Because of this, we store them as u128's, carefully making sure to encode them with the correct byte-order so that their numeric sort corresponds to their timestamp. ClickHouse does support u128's (under the name UInt128), which is great, but exercise a lot of caution if you use them in queries: the ClickHouse SQL parser doesn't really understand u128's and ends up casting them to a f64. This means that a pair of queries like:

INSERT INTO table(id) VALUES('26164820087713635541294893952713693207');
SELECT * FROM table WHERE id = 26164820087713635541294893952713693207;

will fail because the bare 26164820087713635541294893952713693207 gets interpreted as the IEEE 754 floating point value 2.6164820087713633×1037.

You can work around this by providing type annotations to your queries:

SELECT * FROM table WHERE id = 26164820087713635541294893952713693207::UInt128;

or by passing query input as strings:

SELECT * FROM table WHERE id = '26164820087713635541294893952713693207';

clickhouse-rs works around this by always annotating types when inserting client-side bind values of u128's. Server-side bind values ("parameters") must always have type annotations for all types and are not affected by this issue.
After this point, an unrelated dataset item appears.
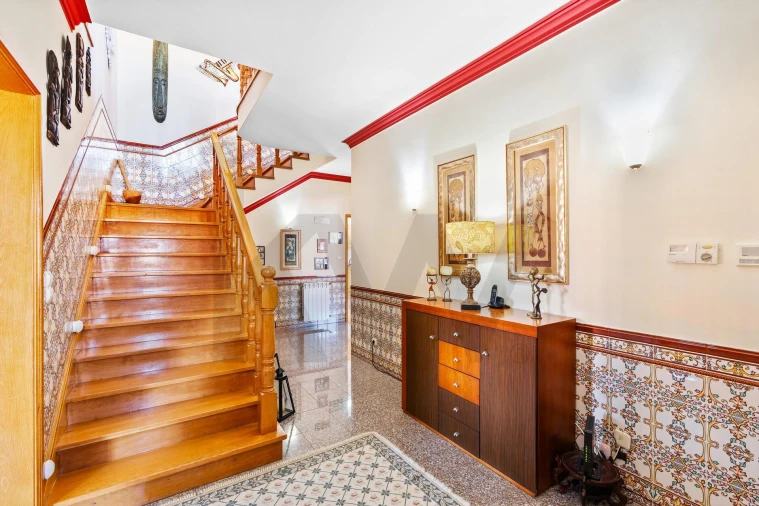 Moradia T5 para Venda em Venda do Pinheiro e Santo Estêvão das Galés Foto 10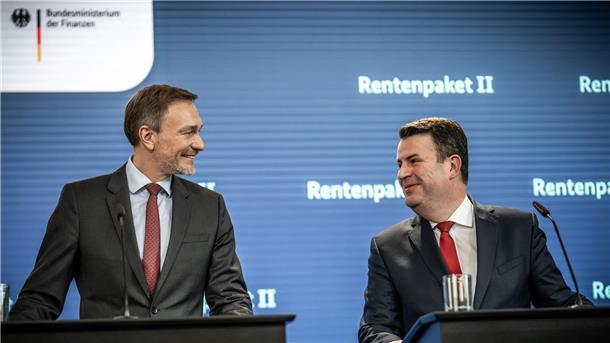 Die Rente - Ampel-Paket zur Alterssicherung Finanzminister Christian Lindner (l) und Arbeitsminister Hubertus Heil stellen ihr Renten-Reformpaket in Berlin vor.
Stay tuned at https://www.svix.com/blog for future posts about our ClickHouse migration! Be sure to follow us on Github or RSS for the latest updates for the Svix webhook service, or join the discussion on our community Slack.

Does this work sound interesting to you? Are you excited about what lies beyond "Getting Started"? Come work with us!

Footnotes

  1. Don't worry, they're working on it

  2. Although do note that any wire-protocol mismatches like incorrect struct types will result in a panic! as opposed to a Result::Err, so it's helpful to have a panic handler installed and appropriately configured, especially during development.

  3. The Unix epoch is January 1, 1970 at 00:00:00Z; ClickHouse (unlike traditional Unixes) uses unsigned 32-bit numbers, so it can represent times until the year 2106, which is a bit better than 2038, but still too close for comfort.

  4. ClickHouse SQL is a fascinating beast! There are the obvious things, like the lack of an UPDATE statement, but some of my favorite unusual features are SELECT ... WITH FILL, PREWHERE, and SAMPLE.